# Fische jagen sich



## Tori (12. Nov. 2009)

Hallöchen,
ich bin neu hier und das eigentlich auch nur, weil ich eine ganz ernste Frage habe. 
Also, eigentlich haben wir einen Teich, haben den nun aber zum Herbst (ganz schlaue Idee) entleert und wollten ihn neu machen (dachten es wäre kein Fisch mehr drin), haben dann zu unserer Überraschung noch einen __ Goldfisch gefunden. 
Nun haben wir den Teich zum Winter nicht mehr fertigbekommen und nun wohnt unser Goldfisch zwangsweise in einem 250l Aquarium. 
Nun hatten wir vor ein paar Wochen Fische dazugesetzt (2 Koi und 1 Schleierschwanzgoldfisch), da haben sie sich auch schon gejagt, aber das ging noch.
Nun hat meine Ma sich heute unsterblich in einen Koi verliebt und ihn kurzerhand gekauft. 
Nun gehen der große Goldfisch und der __ Schleierschwanz auf den neuen Koi los.
Sollte ich da was tun oder ist das "normal"?
Hab die Laichhatz nun ausgeschlossen, da es Herbst ist und die Koi auch noch viel zu klein sind um laichen zu können (ca. 10cm).
Bitte helft mir, wäre super!


----------



## Koi-Uwe (13. Nov. 2009)

*AW: Fische jagen sich*

Hallo,
kannst du nur erst einmal weiter beobachten. Ich denke das sie sich beruhigen werden.
Ich hatte so etwas auch mal, nur anders herum. Das war aber so schlimm das ich den Koi weggeben musste da er den __ Schleierschwanz regelrecht angefressen hat


----------



## Christian und Frauke (13. Nov. 2009)

*AW: Fische jagen sich*

Hallo:willkommenhier bist Du genau richtig
Wie schon gesagt weiter beobachten und wenn nötig handeln:beeten
Sag mal wie groß sind denn die Fische?


----------



## Tori (13. Nov. 2009)

*AW: Fische jagen sich*

Also die Fische haben alle so um die 10-13cm, maximal. 
Der neue Koi und der __ Goldfisch sind etwa gleich groß, der __ Schleierschwanz ist ein wenig kleiner als die anderen.
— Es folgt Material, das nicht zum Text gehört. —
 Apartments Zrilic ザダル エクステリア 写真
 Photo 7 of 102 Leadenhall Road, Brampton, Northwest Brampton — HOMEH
Die Koi sind alle etwa gleich groß, also ca. 10cm. 
Gingen ja keine größeren.. sonst wird das ein wenig eng im Aquarium (wobei ich befürchte, dass im Frühjahr, wenn die wieder raus in den Teich sollen, es noch deutlich enger ist). 
Danke schonmal für eure Hilfe. 
Es ist ein wenig Ruhe eingekehrt, auch wenn der Goldie zwischendurch noch meint er wäre der Chef. Aber hat sich deutlich gebessert über Nacht. 
Der neue Koi gliedert sich auch schon langsam in die bunte Truppe ein.


----------



## Christian und Frauke (13. Nov. 2009)

*AW: Fische jagen sich*

Hallo Tori,
nicht noch mehr dazusetzen!
Gute Filterung!
Mindestens alle 14 Tage 1drittel vom Wasser wechseln
Ist Tori Dein Vorname


----------



## Tori (14. Nov. 2009)

*AW: Fische jagen sich*

Nicht direkt.  Tori ist mein Spitzname, abgeleitet von __ Victoria.
Naja, sind 5 Fische drin.. und ist ja auch nur übergangsweise, bis unser Teich fertig ist. 
Hab einen Außenfilter der 950l die Stunde durchpumpt. Die Wasserwerte sind supi. 
Und die Wasserwechsel lassen sich mit Sicherheit auch einrichten. Aber ist das nicht noch mehr Stress für die Tiere? (bin Aquarienanfänger.. deswegen bei sowas immer sehr verunsichert)


----------



## Christian und Frauke (14. Nov. 2009)

*AW: Fische jagen sich*

Hallo __ Victoria,
etwas Stress ist das sicherlich aber Wasserwechsel ist einfach Pflicht
Bei guter Filterung kannst Du auf 1/4 alle 3 Wochen reduzieren,aber das sollte schon sein um Deine Fischis gesund zu halten


----------



## Tori (15. Nov. 2009)

*AW: Fische jagen sich*

Dankeschön! 
Hikft mir echt viel weiter..
Für mich ist ja das Wichtigste, dass die Fischis gesund sind. 
Hatte bis letzte Woche einen sehr hohen Nitrit-Wert, hab dann so spezielle Filterbakterien (FB7-Kulturen) reingesetzt und innerhalb von 3 Tagen war der Nitrit-Wert bei 0.  War da echt überrascht, dass das so schnell ging.


----------